Plants that get the mechanisms right rarely suffer surprise failures.

6) Treat temporary repairs as reliability debt

Temporary fixes are sometimes necessary, but they accumulate hidden risk. Therefore, to minimize this, you need strong governance. The recommended requirements are:

  • Central registry of all temporary repairs
  • Qualified life tracking
  • Mandatory retirement planning
  • Risk ranking by consequence
  • Leadership visibility

The reliability reality is that growing temp-repair populations almost always precede major failures.

7) Align incentives with the stated priority order

Culture follows incentives. If leaders truly want: 1) Safety, 2) Environment, and 3)  Production, then their performance systems must reflect it.
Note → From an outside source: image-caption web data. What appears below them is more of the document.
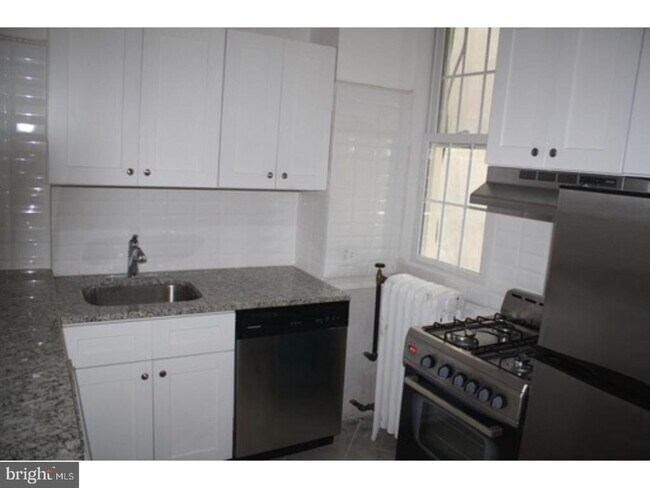 Photo - 753 S 22nd St Unit 2ND, FL.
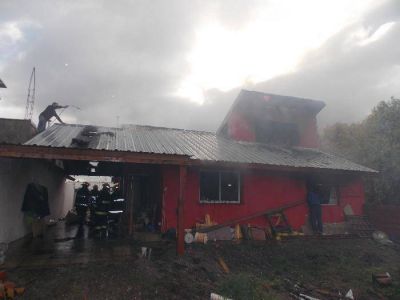 Vecino salv� dos chicas del fuego en El Bols�n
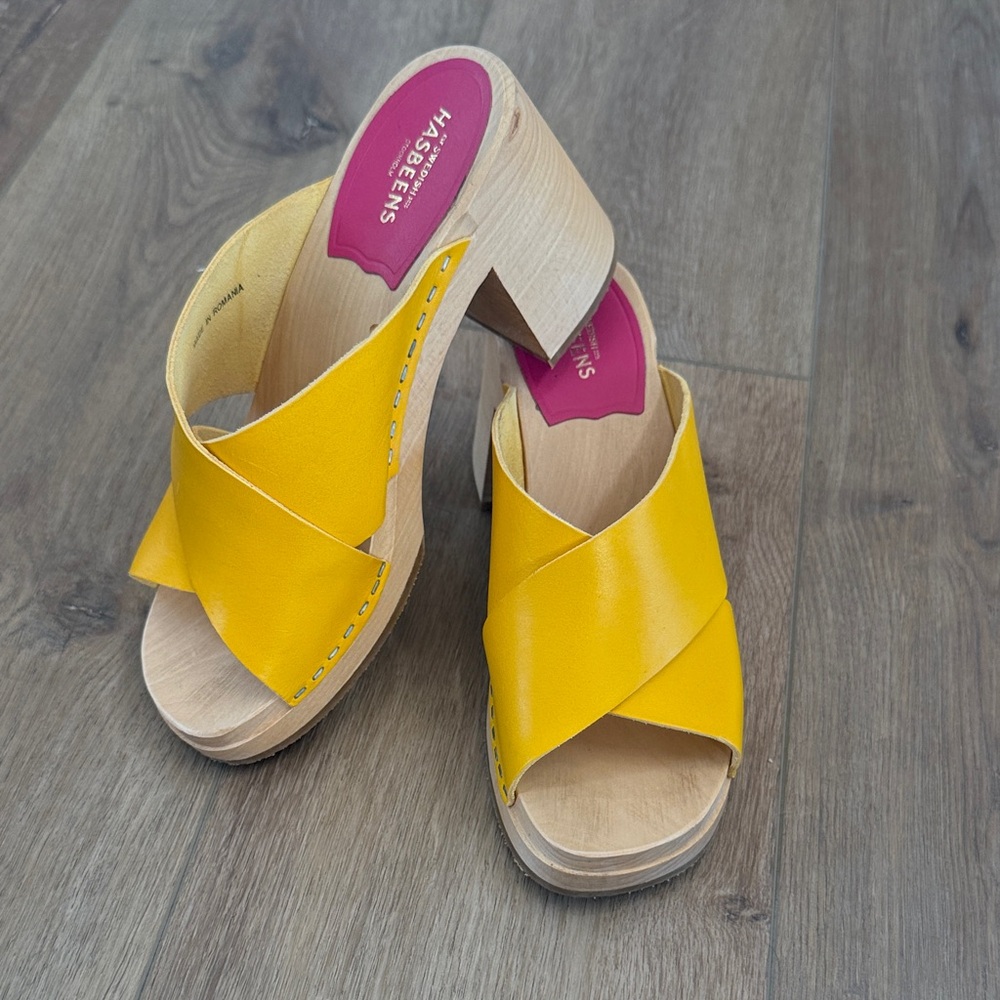 Yellow Swedish Hasbeens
Here are some high-impact, high-level work process actions that can be implemented:

  • No bonus credit for interval extension alone
  • Leadership metrics include overdue MI risk
  • Reward early problem identification
  • Track quality of inspection, not just completion
  • Penalize unjustified deferrals

This last one is often the hardest to do but provides the most powerful change.

What “best in class” behavior looks like on the ground

You know this priority order is real when these things happen automatically:

  • Operations escalates integrity concerns proactively
  • Engineers challenge optimistic RBI assumptions
  • Inspectors are encouraged to call questionable data
  • Turnaround scope grows when risk justifies it
  • Leadership asks first about overdue risk, not cost
  • Deferrals require technical, not production justification

As an old mentor used to say, “Bad news travels fast”, but in this case, that is exactly what we want.
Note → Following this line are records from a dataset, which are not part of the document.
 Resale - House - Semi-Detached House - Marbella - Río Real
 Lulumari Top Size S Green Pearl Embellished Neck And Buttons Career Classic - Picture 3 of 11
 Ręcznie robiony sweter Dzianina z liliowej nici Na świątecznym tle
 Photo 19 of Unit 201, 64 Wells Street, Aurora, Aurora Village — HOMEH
Practical 90-day improvement actions

 If an organization wants rapid impact, here is a high-level plan to get started:

 Within 30 days

  • Identify all past-due MI work by risk
  • Inventory temporary repairs and age
  • Measure detect-to-correct cycle time
  • Review top corrosion circuits with repeat findings

Within 60 days

  • Implement deferral review discipline
  • Add risk tagging to work orders
  • Establish engineering triage targets
  • Audit inspection effectiveness assumptions

Within 90 days

  • Re-baseline highest-risk aging assets
  • Integrate process excursions into corrosion review
  • Update leadership dashboards to leading indicators
  • Challenge top RBI interval extensions

These steps typically reveal the largest hidden reliability risks.

Bottom line

You can improve reliability while truly prioritizing:

  • Safety first
  • Environment second
  • Production third

However, only if the organization enforces that order in work selection, metrics, and incentives, not just in slogans. When done correctly, reliability usually improves because the plant stops allowing manageable degradation to become forced outages.

Bibliography

  1. American Petroleum Institute (API). API Recommended Practice 580: Risk-Based Inspection. Latest edition.
  2. American Petroleum Institute (API). API Recommended Practice 581: Risk-Based Inspection Technology. Latest edition.
  3. American Petroleum Institute (API). API Recommended Practice 571: Damage Mechanisms Affecting Fixed Equipment in the Refining Industry. Latest edition.
  4. American Petroleum Institute (API). API Recommended Practice 579-1/ASME FFS-1: Fitness-For-Service. Latest edition.
  5. S. Occupational Safety and Health Administration (OSHA). 29 CFR 1910.119 — Process Safety Management of Highly Hazardous Chemicals.
  6. Center for Chemical Process Safety (CCPS). Guidelines for Risk Based Process Safety. AIChE, 2007.
  7. Center for Chemical Process Safety (CCPS). Guidelines for Mechanical Integrity Systems. AIChE, 2016.
  8. S. Chemical Safety and Hazard Investigation Board (CSB). Investigation Reports and Safety Bulletins (multiple years) highlighting maintenance and integrity failures as causal factors.
  9. European Federation of National Maintenance Societies (EFNMS). Maintenance Key Performance Indicators (EN 15341). Latest edition.
  10. ISO 55000/55001 Asset Management — Overview, Principles and Requirements. Latest edition.